La France doit retrouver son rang au sein des nations digitales.
Par Laurent Cervoni et Jean-Charles Bossard. (Publié le 12 août 2019 à 07H45)
La place médiocre de la France dans le dernier classement de la Commission Européenne sur l'indice relatif à l'économie et à la société numériques souligne l'insuffisance des efforts menés au niveau national pour la modernisation du pays. L'un des principaux chantiers est celui d'une identité numérique régalienne unique, mais le dernier projet en date, AliceM, est déjà controversé. Il suffirait pourtant de suivre trois grands axes pour se remettre sur les rails.
L’annonce en cette fin de mois de juillet du système de reconnaissance faciale "d’État", AliceM (pour Authentification en ligne certifiée sur Mobile) s’inscrit dans la volonté affichée par l’État français de moderniser ses services publics. Ce combat pour une stratégie numérique nationale n’est d’ailleurs pas récent, le premier rapport (Rapport Théry) datant de 1994.
Malgré la succession de plans, d’annonces de projets et la mise en œuvre de plateformes en ligne, les études sur le niveau d'intégration du "numérique" par les pays classent régulièrement la France à un rang au mieux médian, souvent médiocre. La France est-elle réellement en retard et peut-elle retrouver son rang en matière de services publics numériques ? Notre pays fait des efforts mais reste pénalisé par une organisation administrative lourde et par l’absence, pendant plusieurs années, de la mise en œuvre des fondations d’une "stratégie numérique nationale".

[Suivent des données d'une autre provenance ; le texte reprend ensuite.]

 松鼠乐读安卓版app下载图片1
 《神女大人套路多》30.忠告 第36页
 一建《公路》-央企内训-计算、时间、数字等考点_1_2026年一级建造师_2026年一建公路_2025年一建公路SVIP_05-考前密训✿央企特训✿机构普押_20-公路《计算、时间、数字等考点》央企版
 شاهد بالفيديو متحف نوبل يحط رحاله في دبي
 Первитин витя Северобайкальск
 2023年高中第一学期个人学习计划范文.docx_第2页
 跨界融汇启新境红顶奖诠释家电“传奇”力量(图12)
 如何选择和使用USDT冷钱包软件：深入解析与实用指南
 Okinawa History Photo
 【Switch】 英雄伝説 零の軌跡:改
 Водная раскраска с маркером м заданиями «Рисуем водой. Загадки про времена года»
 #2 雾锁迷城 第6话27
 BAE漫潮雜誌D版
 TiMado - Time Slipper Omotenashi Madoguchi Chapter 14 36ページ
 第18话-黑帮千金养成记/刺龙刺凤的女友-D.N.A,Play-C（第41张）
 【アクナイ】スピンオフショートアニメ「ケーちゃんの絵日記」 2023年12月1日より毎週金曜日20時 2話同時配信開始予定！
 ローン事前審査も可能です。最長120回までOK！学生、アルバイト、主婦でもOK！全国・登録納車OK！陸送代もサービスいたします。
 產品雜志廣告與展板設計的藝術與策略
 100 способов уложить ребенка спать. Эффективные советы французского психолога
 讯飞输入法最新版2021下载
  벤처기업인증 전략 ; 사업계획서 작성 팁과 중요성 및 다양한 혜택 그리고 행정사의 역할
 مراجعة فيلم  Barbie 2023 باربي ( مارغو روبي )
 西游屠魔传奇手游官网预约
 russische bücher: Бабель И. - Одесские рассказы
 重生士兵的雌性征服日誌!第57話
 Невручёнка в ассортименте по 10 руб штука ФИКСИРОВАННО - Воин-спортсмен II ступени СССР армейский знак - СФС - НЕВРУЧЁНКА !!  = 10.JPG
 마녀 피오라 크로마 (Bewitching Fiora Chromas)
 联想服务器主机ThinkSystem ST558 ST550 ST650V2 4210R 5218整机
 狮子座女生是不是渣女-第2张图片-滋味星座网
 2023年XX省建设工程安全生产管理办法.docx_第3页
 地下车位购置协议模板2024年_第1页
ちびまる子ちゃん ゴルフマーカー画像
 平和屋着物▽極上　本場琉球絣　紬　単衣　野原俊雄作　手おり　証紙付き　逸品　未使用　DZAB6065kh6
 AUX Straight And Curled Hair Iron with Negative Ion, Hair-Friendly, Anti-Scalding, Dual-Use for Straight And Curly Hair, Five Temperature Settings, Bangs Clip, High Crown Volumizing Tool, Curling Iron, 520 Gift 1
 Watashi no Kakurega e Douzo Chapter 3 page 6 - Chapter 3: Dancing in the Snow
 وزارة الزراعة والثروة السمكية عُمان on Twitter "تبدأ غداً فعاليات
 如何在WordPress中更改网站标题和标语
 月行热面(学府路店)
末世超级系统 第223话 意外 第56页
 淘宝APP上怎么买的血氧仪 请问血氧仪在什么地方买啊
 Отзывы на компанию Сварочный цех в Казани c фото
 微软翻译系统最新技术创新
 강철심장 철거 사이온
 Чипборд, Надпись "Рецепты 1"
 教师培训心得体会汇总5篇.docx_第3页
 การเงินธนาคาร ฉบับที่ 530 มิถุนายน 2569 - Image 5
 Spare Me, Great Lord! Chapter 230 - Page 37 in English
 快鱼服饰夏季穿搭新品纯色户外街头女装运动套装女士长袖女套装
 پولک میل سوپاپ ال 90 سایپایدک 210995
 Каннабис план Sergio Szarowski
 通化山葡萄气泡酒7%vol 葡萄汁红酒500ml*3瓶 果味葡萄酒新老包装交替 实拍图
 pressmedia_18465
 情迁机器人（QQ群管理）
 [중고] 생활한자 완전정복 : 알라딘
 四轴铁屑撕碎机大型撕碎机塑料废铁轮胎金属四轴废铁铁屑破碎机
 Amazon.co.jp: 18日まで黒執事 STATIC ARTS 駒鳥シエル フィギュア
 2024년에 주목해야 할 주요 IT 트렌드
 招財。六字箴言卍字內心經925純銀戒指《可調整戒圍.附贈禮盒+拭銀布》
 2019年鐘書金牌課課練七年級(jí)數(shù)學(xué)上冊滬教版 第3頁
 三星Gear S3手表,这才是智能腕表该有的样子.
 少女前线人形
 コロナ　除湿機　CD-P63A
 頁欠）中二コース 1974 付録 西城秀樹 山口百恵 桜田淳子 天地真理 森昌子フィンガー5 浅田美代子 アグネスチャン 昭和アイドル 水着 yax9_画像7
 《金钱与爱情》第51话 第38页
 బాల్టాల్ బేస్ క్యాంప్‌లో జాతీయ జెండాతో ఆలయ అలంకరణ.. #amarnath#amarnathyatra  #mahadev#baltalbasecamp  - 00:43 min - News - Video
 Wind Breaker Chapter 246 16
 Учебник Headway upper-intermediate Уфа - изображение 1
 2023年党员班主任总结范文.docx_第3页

Les 250 démarches les plus courantes seront dématérialisées d'ici 2022
Actuellement 67% des démarches administratives sont dématérialisées et 100% des 250 démarches administratives les plus utilisées devraient l’être d’ici 2022. 400 000 dossiers ont été déposés sur la plateforme demarches-simplifiees.fr, outil mis à disposition des collectivités et des administrations par l’État. 11 millions d’utilisateurs passent par France Connect pour effectuer des démarches en ligne.
Les annonces du Comité interministériel de la transformation publique (20 juin 2019), le lancement de l’Acte II de la transformation de l’Action Publique et les communiqués de la Direction Interministérielle des Systèmes d’Information de Communication de l’Etat (DINSINC) et de la Direction Interministérielle de la Transformation Publique (DITP) vont dans le sens d’un "Etat start-up" et d’une révolution numérique à tous les échelons administratifs.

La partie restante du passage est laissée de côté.